Instructions for the task — Starting at the line that contains "Vanity, Black Oxide" and stopping at the line that contains "Habitat Speckle 27cm", restate each line of the records below exactly. Omit the pictures.

Listed records —
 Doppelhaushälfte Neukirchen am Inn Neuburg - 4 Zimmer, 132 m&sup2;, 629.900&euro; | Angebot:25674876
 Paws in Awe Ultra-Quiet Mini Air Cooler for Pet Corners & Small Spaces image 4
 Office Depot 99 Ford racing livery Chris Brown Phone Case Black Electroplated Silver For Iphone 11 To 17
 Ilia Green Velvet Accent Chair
==
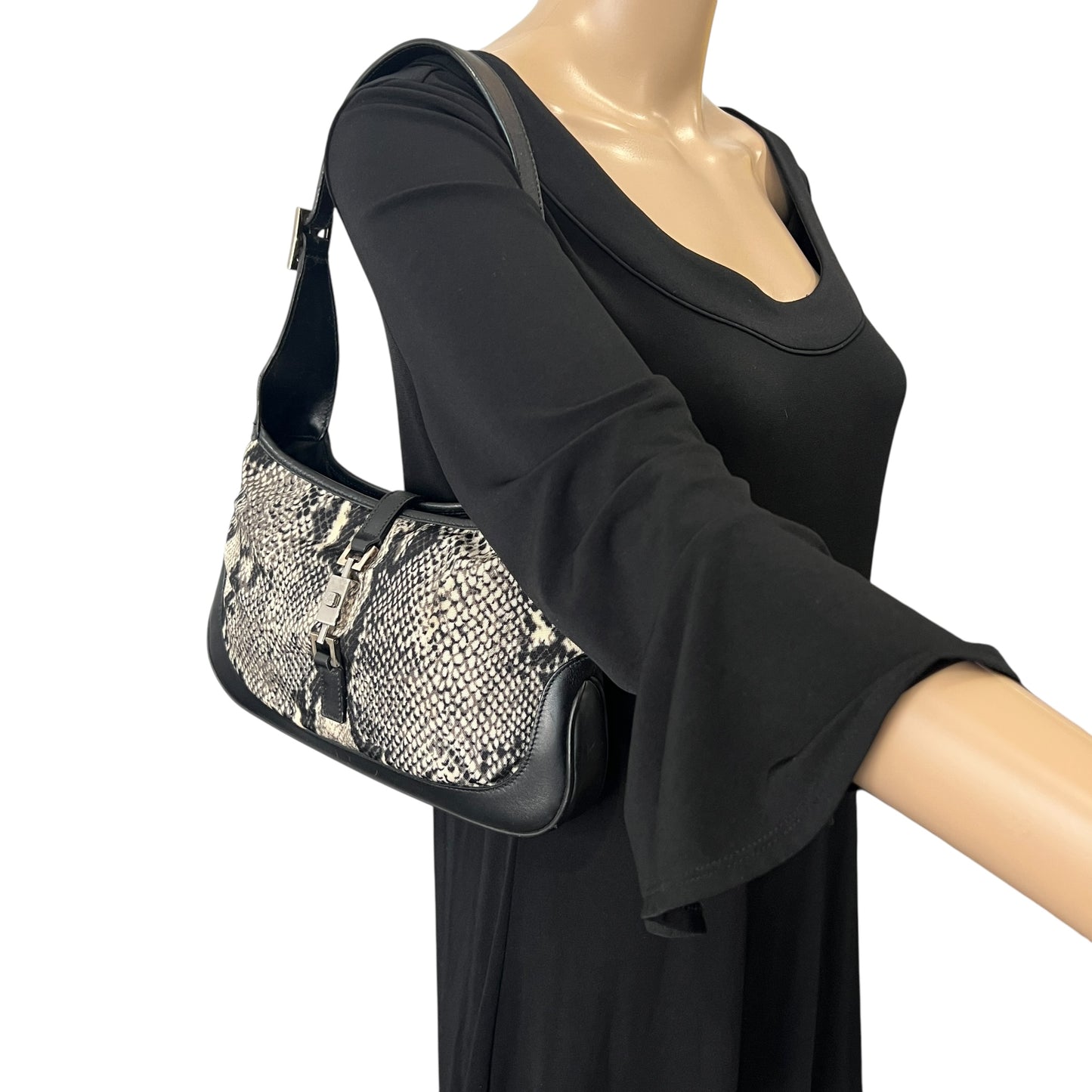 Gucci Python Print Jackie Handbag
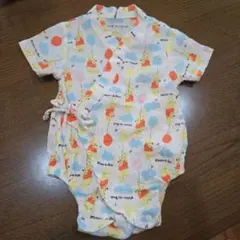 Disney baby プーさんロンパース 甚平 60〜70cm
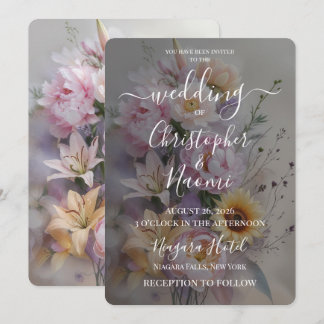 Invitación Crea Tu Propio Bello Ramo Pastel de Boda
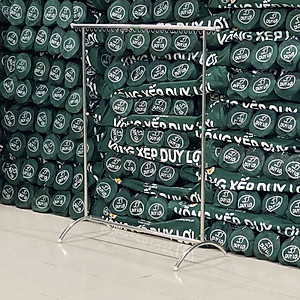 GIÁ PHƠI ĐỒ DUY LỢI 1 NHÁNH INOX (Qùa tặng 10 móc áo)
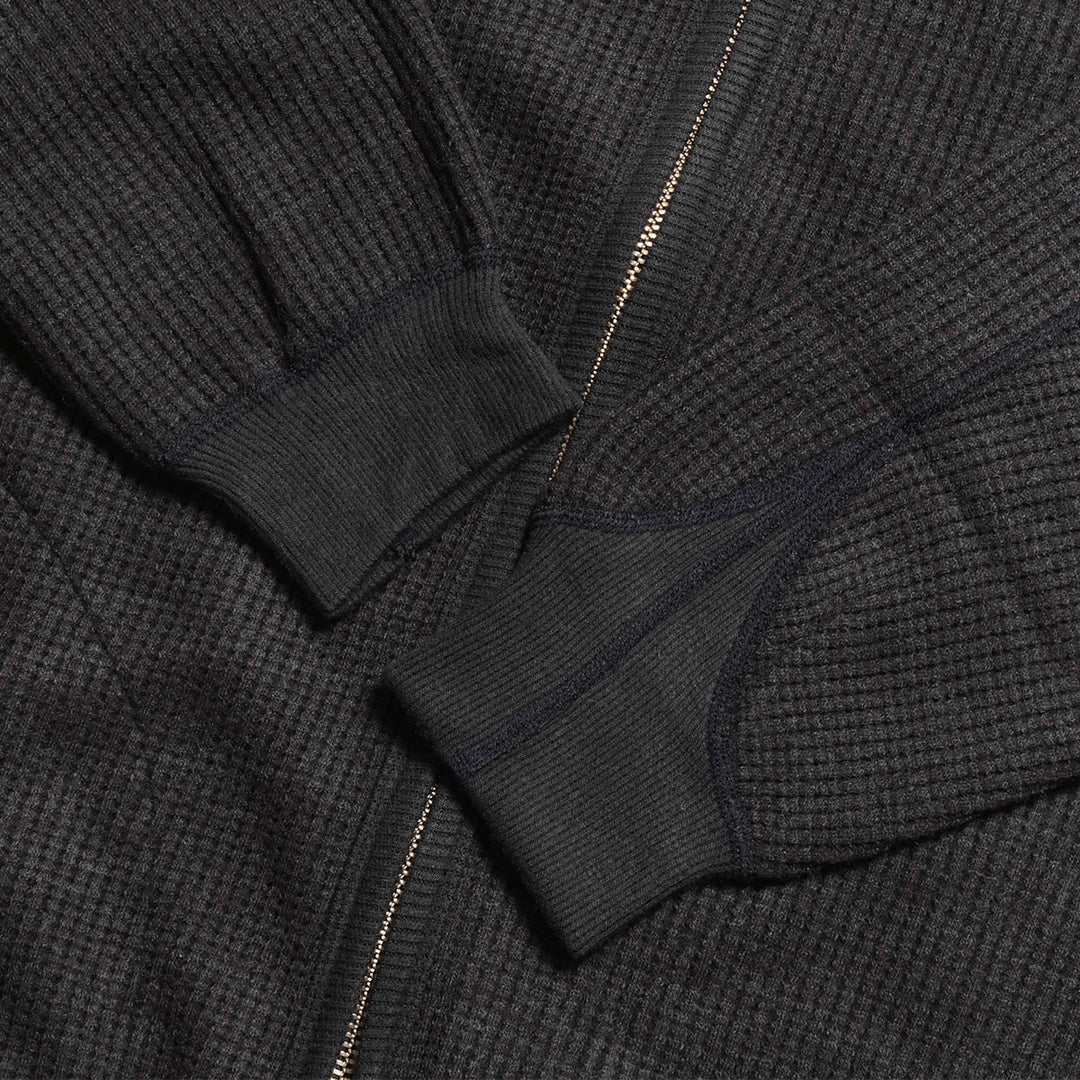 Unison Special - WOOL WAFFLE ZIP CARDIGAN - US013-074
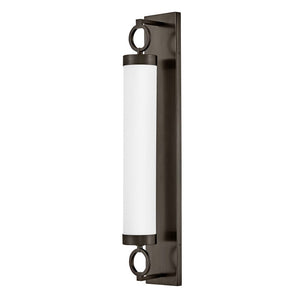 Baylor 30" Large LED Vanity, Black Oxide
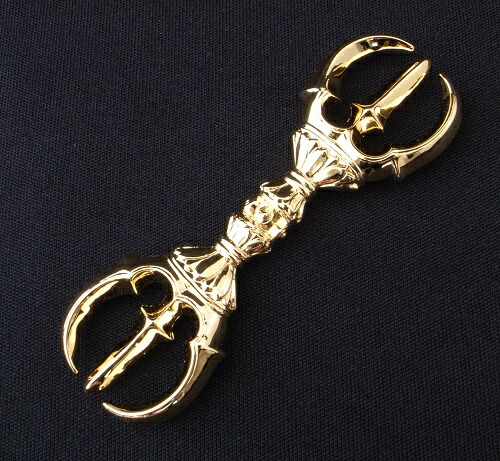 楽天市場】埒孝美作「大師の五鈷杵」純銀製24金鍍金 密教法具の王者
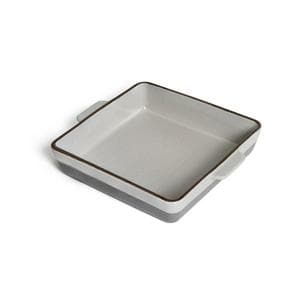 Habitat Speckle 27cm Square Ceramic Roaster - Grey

Answer box —
 Baylor 30" Large LED Vanity, Black Oxide
 楽天市場】埒孝美作「大師の五鈷杵」純銀製24金鍍金 密教法具の王者
 Habitat Speckle 27cm Square Ceramic Roaster - Grey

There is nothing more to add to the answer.